##### Material provided

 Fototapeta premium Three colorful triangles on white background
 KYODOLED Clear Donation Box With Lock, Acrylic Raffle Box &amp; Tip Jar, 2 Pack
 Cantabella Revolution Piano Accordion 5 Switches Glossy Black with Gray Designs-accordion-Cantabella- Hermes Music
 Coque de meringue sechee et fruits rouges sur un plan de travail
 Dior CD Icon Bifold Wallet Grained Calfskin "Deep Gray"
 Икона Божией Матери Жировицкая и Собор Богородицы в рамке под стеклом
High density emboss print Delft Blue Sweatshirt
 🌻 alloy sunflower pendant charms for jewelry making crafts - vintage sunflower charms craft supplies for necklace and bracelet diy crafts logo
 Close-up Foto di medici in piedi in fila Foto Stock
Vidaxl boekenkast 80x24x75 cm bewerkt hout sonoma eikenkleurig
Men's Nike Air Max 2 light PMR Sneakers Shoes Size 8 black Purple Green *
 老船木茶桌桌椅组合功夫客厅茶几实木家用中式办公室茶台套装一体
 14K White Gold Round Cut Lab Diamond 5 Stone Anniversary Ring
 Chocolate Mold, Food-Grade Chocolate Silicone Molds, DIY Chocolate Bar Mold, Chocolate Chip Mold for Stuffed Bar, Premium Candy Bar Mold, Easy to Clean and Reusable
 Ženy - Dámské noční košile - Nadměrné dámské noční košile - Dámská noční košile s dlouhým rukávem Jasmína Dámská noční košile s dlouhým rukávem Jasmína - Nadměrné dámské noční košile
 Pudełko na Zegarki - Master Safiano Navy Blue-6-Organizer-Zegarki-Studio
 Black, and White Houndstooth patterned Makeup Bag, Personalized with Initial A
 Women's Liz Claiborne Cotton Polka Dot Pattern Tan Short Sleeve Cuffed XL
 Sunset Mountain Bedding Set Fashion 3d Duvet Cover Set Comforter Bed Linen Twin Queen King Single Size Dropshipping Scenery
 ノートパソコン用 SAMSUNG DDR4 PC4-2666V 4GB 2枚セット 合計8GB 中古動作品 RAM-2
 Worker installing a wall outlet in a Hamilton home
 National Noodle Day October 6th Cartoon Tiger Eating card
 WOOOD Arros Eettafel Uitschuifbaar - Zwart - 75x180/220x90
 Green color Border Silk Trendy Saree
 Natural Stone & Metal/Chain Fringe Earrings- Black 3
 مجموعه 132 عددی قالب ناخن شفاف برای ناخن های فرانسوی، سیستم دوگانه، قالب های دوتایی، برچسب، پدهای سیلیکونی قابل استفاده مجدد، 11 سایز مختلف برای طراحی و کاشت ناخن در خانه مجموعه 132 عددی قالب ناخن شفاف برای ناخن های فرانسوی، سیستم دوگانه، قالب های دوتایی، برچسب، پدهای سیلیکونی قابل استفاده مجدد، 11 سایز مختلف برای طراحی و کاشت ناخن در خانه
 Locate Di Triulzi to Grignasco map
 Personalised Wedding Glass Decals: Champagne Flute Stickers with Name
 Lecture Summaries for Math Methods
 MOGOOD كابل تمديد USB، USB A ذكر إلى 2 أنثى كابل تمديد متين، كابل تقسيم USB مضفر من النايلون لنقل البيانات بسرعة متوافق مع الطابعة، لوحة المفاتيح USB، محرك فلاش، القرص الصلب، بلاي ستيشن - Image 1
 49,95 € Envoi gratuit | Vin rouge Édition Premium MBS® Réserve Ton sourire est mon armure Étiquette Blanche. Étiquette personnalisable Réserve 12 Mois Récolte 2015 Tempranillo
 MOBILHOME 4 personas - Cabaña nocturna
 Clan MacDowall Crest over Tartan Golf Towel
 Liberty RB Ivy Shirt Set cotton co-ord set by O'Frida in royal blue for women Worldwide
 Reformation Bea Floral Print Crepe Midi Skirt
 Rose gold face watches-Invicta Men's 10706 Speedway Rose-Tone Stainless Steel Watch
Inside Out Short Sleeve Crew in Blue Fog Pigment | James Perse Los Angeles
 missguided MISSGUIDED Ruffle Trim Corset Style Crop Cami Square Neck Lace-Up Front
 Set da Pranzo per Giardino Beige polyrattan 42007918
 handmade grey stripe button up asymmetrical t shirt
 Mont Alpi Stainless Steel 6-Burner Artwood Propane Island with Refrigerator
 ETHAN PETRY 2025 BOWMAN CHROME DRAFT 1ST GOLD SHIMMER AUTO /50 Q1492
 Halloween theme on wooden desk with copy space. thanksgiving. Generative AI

##########

What to do:
Looking through the records, copy out every line in which the word "Gray" is found.

Solution to this exercise:
 Cantabella Revolution Piano Accordion 5 Switches Glossy Black with Gray Designs-accordion-Cantabella- Hermes Music
 Dior CD Icon Bifold Wallet Grained Calfskin "Deep Gray"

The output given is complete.